Mientras Fargeat parece amar lo monstruoso, la sangre y la herida, y su estética se define en buena medida por eso, las redes retomaron un frame del film: el momento en que Elisabeth Sparkle se arregla para salir con un conocido de la infancia pero antes de irse se observa en el espejo y se ve despreciable, se refriega la cara con desagrado y decide no ir a su cita. La imagen devenida en meme debe su éxito a las mieles amargas de la identificación: “qué chica no estuvo en esa situación”. La escena, además, ilustra lo que la filósofa Florencia Abadi afirma en su libro El sacrificio de Narciso: Eros se opone a la figura mítica de Narciso.
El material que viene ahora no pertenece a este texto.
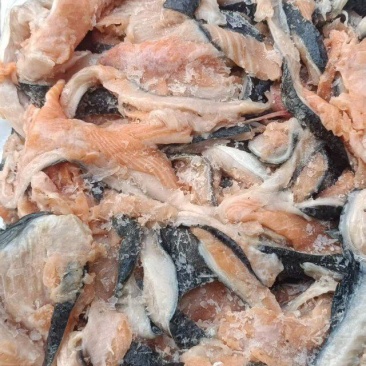 三文鱼碎肉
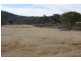 Tenterfield NSW 2372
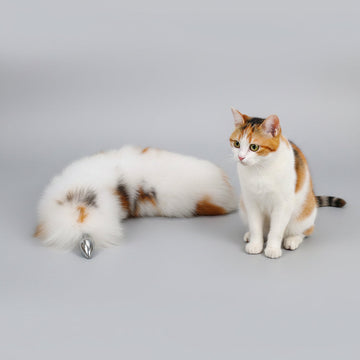 Cosplay Kitten Cat Tail Butt Plugs and Ear Set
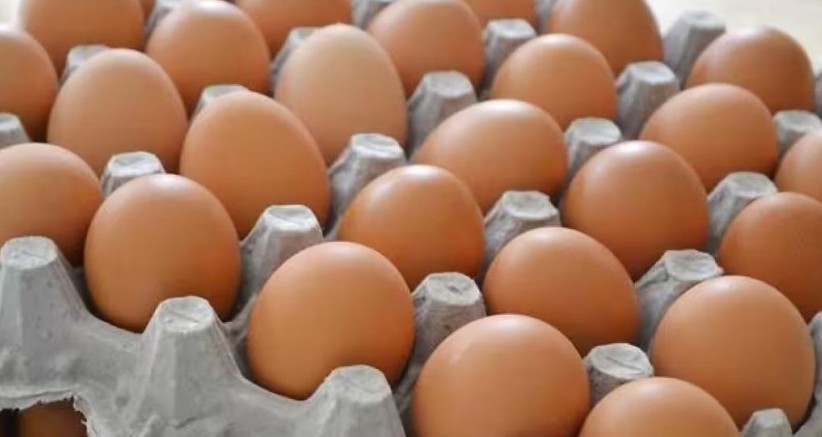 تحذيرات من بيع بيض عشوائي في نابل
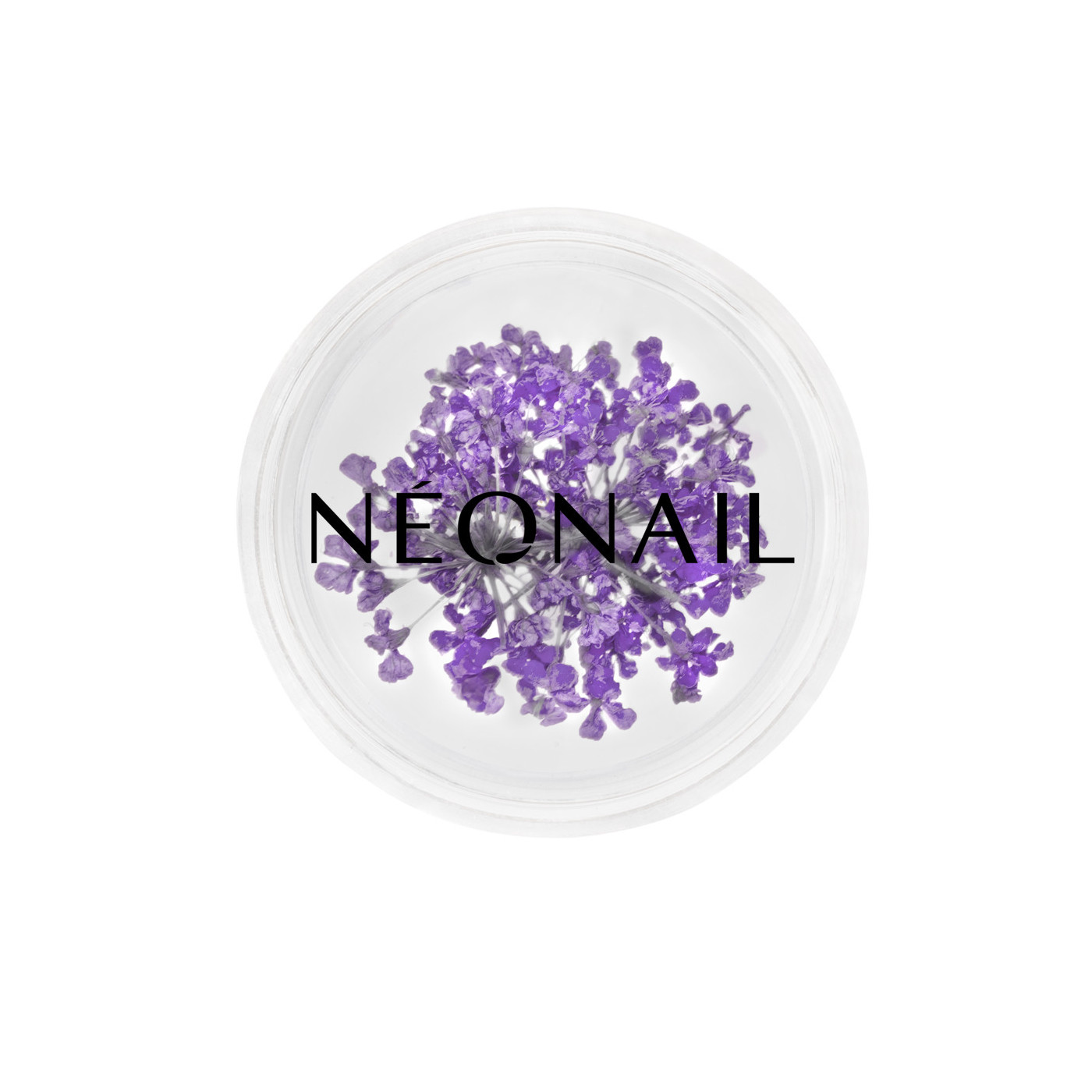 Decorazione Floreale per Unghie 06 Violet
Mientras Eros no necesita ni ver a su amante, Narciso queda detenido en el embelesamiento de su reflejo, al que ve como otro y le entrega su propia vida desgraciada. Belleza, dualidad, muerte del deseo y cárcel.
Estas y otras trampas de la belleza y sus exigencias fueron el objeto de reflexión en el ensayo “A woman´s beauty: put down o power source?” (“¿La belleza de una mujer: el abandono o la fuente de poder?”) de Susan Sontag, publicado en 1975. Este texto recupera la influencia de la Cristiandad en el destronamiento de la belleza de los ideales humanos clásicos. Erigido el valor moral, la belleza derivó hacia el estatuto de encanto superficial. Sontag agrega otro desprestigio de la belleza: durante dos siglos, se volvió una convención asociarla sólo a las mujeres. En este marco, ser llamada hermosa implica “señalar algo esencial del carácter y las preocupaciones de la mujer”. La forma en que las mujeres son educadas para relacionarse con la belleza fomenta el narcisismo, refuerza la dependencia y la inmadurez. La preocupación excesiva por las apariencias tiene género y, por lo tanto, la belleza adquiere una reputación mixta.
Sontag cuestiona además la obligación de ser bella como una idealización que deviene en una forma de auto-opresión, de evaluación infinita y despiadada de todas las partes del cuerpo que, “incluso si algunos pasan la prueba, siempre serán encontrados defectuosos”; en contrapartida con la belleza masculina, en la que “una pequeña imperfección o defecto es considerado positivamente deseable”.
Por supuesto, la autora reconoce los privilegios de la belleza, en tanto una forma de poder. El problema es que se trata de un poder para atraer, no para hacer; su dependencia de la mirada masculina lo hace un poder relativo; además de que es la única forma de poder que la mayoría de las mujeres son alentadas a perseguir sin conflictos por una gran maquinaria que incluye varias industrias y tecnologías del yo. Por último, es un poder que no puede ser elegido con libertad o renunciado sin alguna censura social.
Según Sontag, para salir de esta trampa que depende de la escisión entre lo interno y lo externo, las mujeres deberían crear cierta distancia crítica con la excelencia y el privilegio que implica la belleza, la distancia suficiente para ver cuánta belleza ha sido reducida en el corset de la mitología de lo femenino; la propuesta es salvar la belleza de las mujeres y para las mujeres. Quizás, para esto, sirva la noción tan ligada al mundo de la moda pero también del arte: el estilo. El estilo no se confunde con la idea de perfección, ni se lleva bien con la rigidez de los paradigmas. En definitiva, la sugerencia foucaultiana de hacer de la propia vida una obra de arte estaba animada por la figura del “Dandy” como parte de un movimiento del siglo XVIII que tenía a la originalidad, la creación y cierta transgresión como dimensiones fundamentales de la vestimenta y el comportamiento. Antes que las monótonas agujas con sustancias igualadoras, la búsqueda singular de un modo estético y creativo para la mirada de los demás.